The concerns that lead people to take a strong position on gun ownership are important. Acknowledging that and moving on allows the Church to leave gun control measures to politicians and focus its attention on those things within its control to change.
Declare unity within our churches.
In a piece on his website supporting gun ownership, Southern Baptist Convention Ethics & Religious Liberty Commission President Russell Moore suggests that gun violence is lowest where community is strongest—and the Church is a keystone community’s keystone. “Both sides of the debate are longing for the kind of civic community that is slipping away in a globalizing, urbanizing America,” he says. “Into this void must step churches that foster and build real communities built on real love and real truth.” When we are unified in our mission to love and help one another, the gun control debate is reduced to background noise. A Church united in purpose no longer needs to fear the division caused by the debate around personal firearms, and pastors can speak frankly and openly about the problem of gun violence within their communities. At the congregational level, churches can begin working as change-agents within their neighborhoods.
Maintain an active, peaceful presence within our cultural spaces.
The “gun problem” isn’t only a gun problem. At its core, gun violence disproportionately affecting America’s most vulnerable citizens—along lines of race and poverty. Fortunately, the Church is uniquely suited to tackle issues of inequality—in the worship service, the soup kitchen, the annual VBS and more. If our congregations show themselves willing to engage with their communities and break down the barriers erected by class, race, position and income, the communities will be changed from the inside out. That’s the beauty of the Gospel’s radical message—it compels change, pursues peace, rejects inequality and requires genuine and abiding love for one another. In fact, only through the power of the Gospel do our communities have hope for the future and freedom from violence. As C.S. Lewis put it, “God can’t give us peace and happiness apart from Himself because there is no such thing.” The same is true for the societies our churches serve.
Assume a role of leadership rather than one of reaction.
In a way, the debate about gun control is centered on the concept of reaction. How do we react when faced with violence?
The problem with reaction, of course, is that it only ever happens as a response. Some instances of gun violence can be headed off at the pass when churches recognize their responsibility to lead rather than to react. Working to transform our cultural spaces, standing against racism and injustice and seeking to assist our communities are all important ways churches must assume leadership.
There are others. Addressing domestic violence, which accounts for many instances of gun violence within the Church, is another.
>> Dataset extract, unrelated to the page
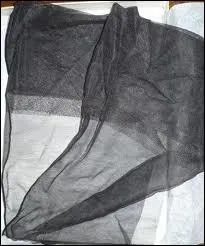 De quel roman s'agit-il ?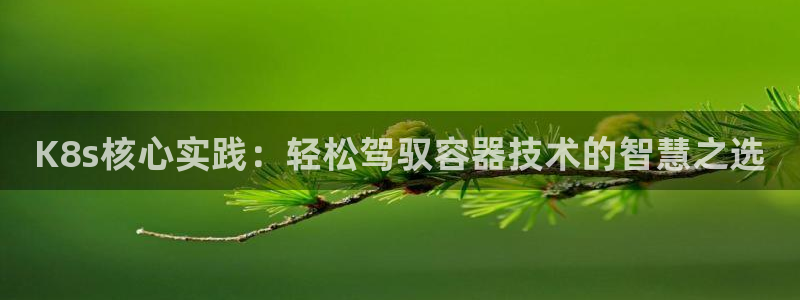 彩客网触屏版手机版旧版：K8s核心实践：轻松驾驭容器技术的智慧之选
Taking a proactive stance against sexual abuse is another. Tackling these tough issues from the pulpit to the pews puts the Church in charge of the discourse, setting the tone for how we confront such ugliness in public. Offering biblical solutions to the root causes of gun violence isn’t just a good thing to do. It’s obligatory.
Yes, it all starts with a conversation. But it doesn’t end there. For the Church to take its responsibility in addressing gun violence seriously, decisions have to be made and action will determine the result.
But the good news, indeed, is the Good News—the solution is our great advocate, our Savior Jesus Christ. Through Him alone do we have a chance at relief from the scourge of gun violence across our nation. And thank God, for He is called the Prince of Peace.